Your Temporary Santa by David Levithan–2 stars
A guy plays santa for his best friend’s young sister. It was an okay story, but didn’t really resonate with me and I wasn’t a fan of David Levithan’s writing style in this particular instance.
Krampuslauf by Holly Black–3 stars
My notes for this one just say “WHAT ON EARTH WAS THAT?” This story was weird. Incredibly weird. And yet I liked it–I think. I did like the inclusion of magic, at any rate, and it was certainly a memorable story.
What the Hell Have You Done, Sophie Roth by Gayle Forman–3 stars
I loved the set-up of this story and the inclusion of Hanukkah, the love interest Russell, and the dismantling of stereotypes, but I was less pleased with Sophie’s elitism about being “big city”. I promise you, sarcasm is not limited to people who are from new York or Chicago or LA or whatever other big city. It’s not a foreign language. Us small town folk don’t get to take sarcasm 101 instead of Spanish or French in high school, promise.
Beer Buckets and Baby Jesus by Myra McEntire- 4 stars
I really liked this one! It’s one of the few stories told from the male POV, and it really worked for this story. The pastor’s daughter and the town prankster was not a pairing I thought I would like, but it worked great in this context. The story was funny and sweet.
Welcome to Christmas, CA by Kierstin White–5 stars
Another surprised. I also really loved this one, especially with the focus on home and family. There was a great theme of accepting things and people and also had some small town charm.

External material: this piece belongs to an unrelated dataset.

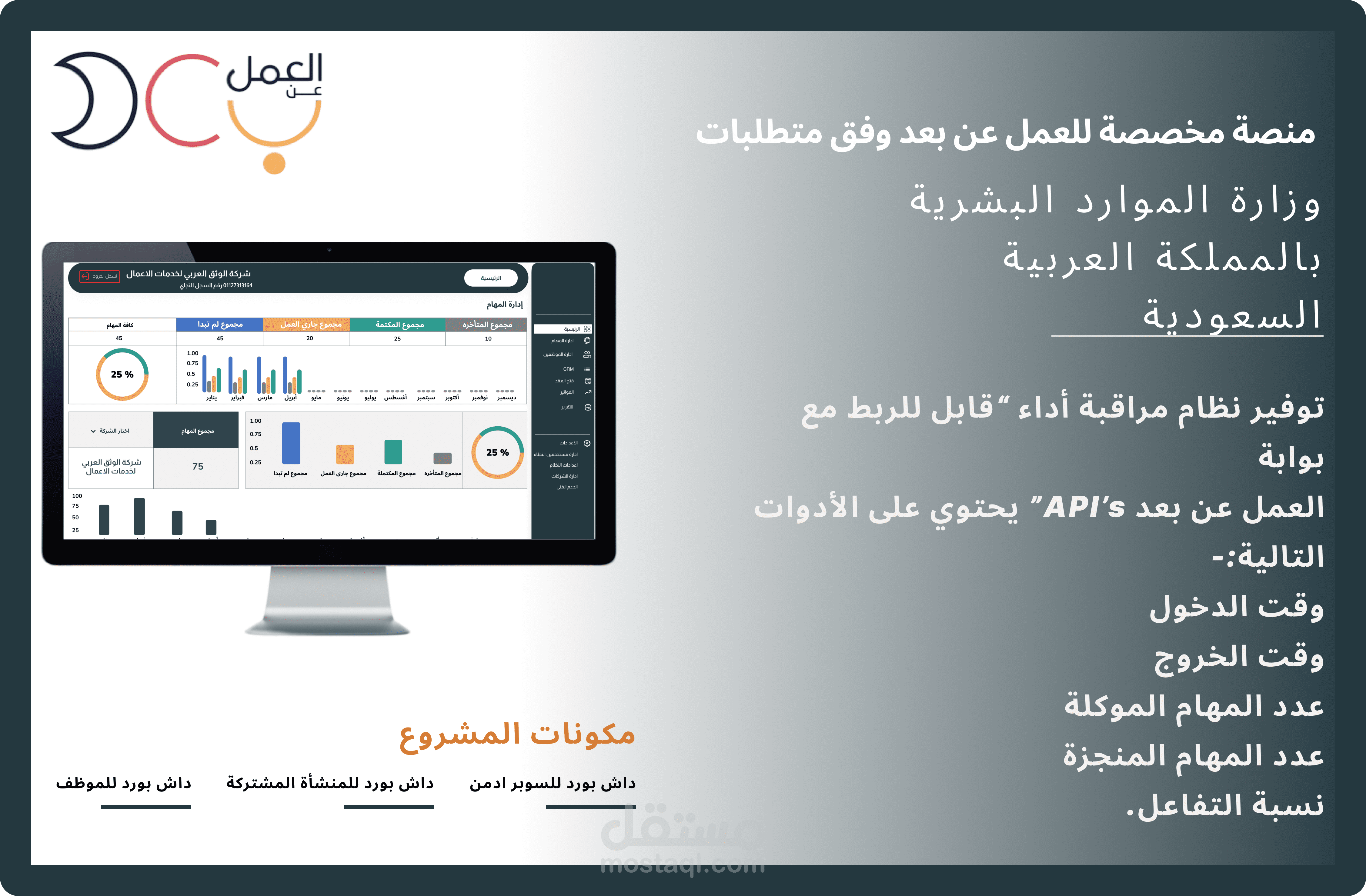 منصة العمل عن بعد ( وفق متطلبات وزارة الموارد البشرية Apis )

It’s not my favorite of the bunch, but it’s probably the most memorable.
Star of Bethlehem by Ally Carter–2 stars
This one was just okay. I didn’t even really have anything to say, so. . . ehh.
The Girl Who Woke the Dreamer by Laini Taylor–4 stars
I loved Laini Taylor’s lush writing. This story felt very much like a fairytale and I loved ending the anthology on this high note.
A rather mixed collection of stories. There were plenty I found forgettable, but the ones I enjoyed I REALLY enjoyed. I’d probably like to re-read Myra McEntire’s, Stephanie Perkin’s, Rainbow Rowell’s, and Kierstin White’s in the future. 3/5 cupcakes.